In a typical single-threaded embedded program that uses both stack and heap
(malloc
and friends), the memory ordering might look like this:
You can find some more explanation here:
https://courses.engr.illinois.edu/cs225/fa2022/resources/stack-heap/
Side note, there’s an interesting strategy for single-threaded programs that involves a two-pass linking step, and results in this memory layout:
Read more about that here:
RTOS stacks
Things get a little more complicated when there’s an RTOS involved: each thread (in a pre-emptive RTOS) usually has its own dedicated stack. See this link for a great description:
When a thread is running, stack allocations occur just as in a single-threaded system, only the stack is set up (by the RTOS kernel) specifically for the thread.
Alright, let’s jump into the stack usage measurement techniques!
Measuring stack usage
Static analysis with -fstack-usage
Gcc and clang will emit stack usage per function via the -fstack-usage
argument. It looks like this in practice:
// stack-usage-example.c
#include <stdio.h>
int foo_2(int c) {
int array[4];
array[1] = c;
array[3] = c* c;
return array[3] - array[1];
}
int foo(int a, int b) {
int array[10];
array[1] = a;
array[9] = foo_2(b);
return array[1] * array[9];
}
int main() {
printf("%d\n", foo(1,2));
}
Compiling with -fstack-usage
:
$ gcc -c -fstack-usage stack-usage-example.c
$ cat stack-usage-example.su
example/stack-usage/stack-usage-example.c:3:5:foo_2 64 static
example/stack-usage/stack-usage-example.c:10:5:foo 80 static
example/stack-usage/stack-usage-example.c:18:5:main 16 static
You can see above that the stack-usage-example.su
file contains a list of
functions and the stack usage in each.
This is pretty handy when looking at a single function, but is difficult to use
when trying to analyze nested function calls. In the above example, the full
stack usage in foo()
is foo()
+ foo_2()
, or 80 + 64 = 144 bytes, but it’s
not obvious from the .su
data.
There are some tools to help fill in this gap, which I’ll link below for reference, but they can require a bit of fiddling to get working correctly.

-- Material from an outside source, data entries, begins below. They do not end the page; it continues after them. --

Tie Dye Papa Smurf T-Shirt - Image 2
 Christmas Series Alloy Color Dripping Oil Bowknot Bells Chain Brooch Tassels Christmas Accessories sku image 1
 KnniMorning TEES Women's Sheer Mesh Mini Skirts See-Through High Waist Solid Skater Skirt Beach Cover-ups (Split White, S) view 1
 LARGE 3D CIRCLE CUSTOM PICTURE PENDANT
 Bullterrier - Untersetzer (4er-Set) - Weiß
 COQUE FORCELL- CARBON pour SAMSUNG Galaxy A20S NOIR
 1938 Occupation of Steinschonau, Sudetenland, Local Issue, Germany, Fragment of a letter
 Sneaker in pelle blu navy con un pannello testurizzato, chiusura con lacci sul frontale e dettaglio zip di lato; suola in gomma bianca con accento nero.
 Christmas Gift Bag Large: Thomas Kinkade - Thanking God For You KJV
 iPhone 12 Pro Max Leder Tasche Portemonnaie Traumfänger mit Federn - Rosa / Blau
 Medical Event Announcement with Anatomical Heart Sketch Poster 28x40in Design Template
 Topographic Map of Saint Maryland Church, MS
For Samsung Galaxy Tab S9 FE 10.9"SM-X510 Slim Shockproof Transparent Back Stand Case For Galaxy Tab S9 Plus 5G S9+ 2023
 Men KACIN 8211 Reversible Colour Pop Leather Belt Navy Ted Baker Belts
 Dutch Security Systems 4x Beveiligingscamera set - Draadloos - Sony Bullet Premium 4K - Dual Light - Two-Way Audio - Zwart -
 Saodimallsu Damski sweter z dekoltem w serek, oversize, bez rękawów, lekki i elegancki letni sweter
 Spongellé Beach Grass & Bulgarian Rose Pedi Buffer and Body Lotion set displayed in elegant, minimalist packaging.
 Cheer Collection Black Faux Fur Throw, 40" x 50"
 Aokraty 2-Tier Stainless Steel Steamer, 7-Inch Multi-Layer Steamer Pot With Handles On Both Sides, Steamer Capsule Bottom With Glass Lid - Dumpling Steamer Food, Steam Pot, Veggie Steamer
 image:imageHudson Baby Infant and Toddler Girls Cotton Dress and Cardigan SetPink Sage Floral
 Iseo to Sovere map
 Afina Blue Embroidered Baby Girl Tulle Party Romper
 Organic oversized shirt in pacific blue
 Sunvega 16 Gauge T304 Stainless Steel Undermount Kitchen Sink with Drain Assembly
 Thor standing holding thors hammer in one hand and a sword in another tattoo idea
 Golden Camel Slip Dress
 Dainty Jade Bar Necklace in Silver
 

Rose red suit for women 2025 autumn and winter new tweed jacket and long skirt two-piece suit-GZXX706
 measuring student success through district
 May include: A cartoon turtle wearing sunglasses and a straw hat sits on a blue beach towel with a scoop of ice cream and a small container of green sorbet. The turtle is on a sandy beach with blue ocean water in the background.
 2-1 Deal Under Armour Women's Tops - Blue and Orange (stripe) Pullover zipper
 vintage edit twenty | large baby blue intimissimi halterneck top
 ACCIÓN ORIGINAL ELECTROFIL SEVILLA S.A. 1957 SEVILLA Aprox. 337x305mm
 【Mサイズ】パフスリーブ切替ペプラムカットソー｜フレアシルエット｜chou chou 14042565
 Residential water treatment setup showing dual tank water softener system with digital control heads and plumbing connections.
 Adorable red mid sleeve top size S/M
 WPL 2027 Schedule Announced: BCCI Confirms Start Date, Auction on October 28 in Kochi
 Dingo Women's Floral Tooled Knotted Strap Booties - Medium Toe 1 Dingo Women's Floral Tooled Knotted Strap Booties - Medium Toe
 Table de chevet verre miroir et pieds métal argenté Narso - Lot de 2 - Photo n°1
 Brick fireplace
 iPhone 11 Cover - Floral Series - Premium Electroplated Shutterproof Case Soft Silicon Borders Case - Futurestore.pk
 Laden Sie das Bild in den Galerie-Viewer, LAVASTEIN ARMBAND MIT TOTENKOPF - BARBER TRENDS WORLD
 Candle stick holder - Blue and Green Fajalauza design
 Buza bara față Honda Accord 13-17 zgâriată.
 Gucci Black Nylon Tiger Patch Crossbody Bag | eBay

- A Python script for statically computing worst-case stack usage from
.su
files: https://github.com/PeterMcKinnis/WorstCaseStack - Referencing the
-fdump-rtl-expand
flag, which permits static analysis of the nested calls, and an example script: https://stackoverflow.com/a/67398286 - Nice article from the MCU On Eclipse blog: https://mcuoneclipse.com/2015/08/21/gnu-static-stack-usage-analysis/ and the referenced script here https://dlbeer.co.nz/oss/avstack.html
- This one worked after a few tiny tweaks and generated a very useful output: https://github.com/ttsiodras/checkStackUsage (tweaks here)
Honorable mention to the puncover
tool (disclaimer, I help maintain the tool), which can help visualize the data
in the .su
files for a whole program:
Runtime analysis with stack painting
This strategy is very common in embedded systems, and is used by both FreeRTOS and Zephyr RTOS.
The idea is to “paint” the stack with a known value, and then to measure stack usage by examining the highest location in the stack not set to the known value (aka “high watermark”).
Both FreeRTOS and Zephyr RTOS apply this technique for measuring stack usage at runtime:
- FreeRTOS: https://www.freertos.org/uxTaskGetStackHighWaterMark.html
- Zephyr RTOS: https://docs.zephyrproject.org/latest/kconfig.html#CONFIG_INIT_STACKS
Here’s a short example of how this works in practice:
#include <stdint.h>
#define STACK_FILL_VALUE 0xaa
// Helper function to initialize a stack with the fill pattern
void stack_initialize_fill_value(uintptr_t stack_top, size_t stack_size) {
memset((void *)stack_top, STACK_FILL_VALUE, stack_size);
}
// Function to return the maximum stack usage
uintptr_t stack_high_watermark(uintptr_t stack_top, size_t stack_size) {
uint8_t *stack = (uint8_t *)stack_top;
uint8_t *stack_end = (uint8_t *)(stack_top + stack_size);
// To compute the stack usage, iterate over the stack memory and find the
// highest location that doesn't match the fill value
while (stack < stack_end && *stack == STACK_FILL_VALUE) {
stack++;
}
return (uintptr_t)stack;
}
Use this strategy after the system executes core functionality to collect a reasonably accurate measurement of the maximum stack usage. usage.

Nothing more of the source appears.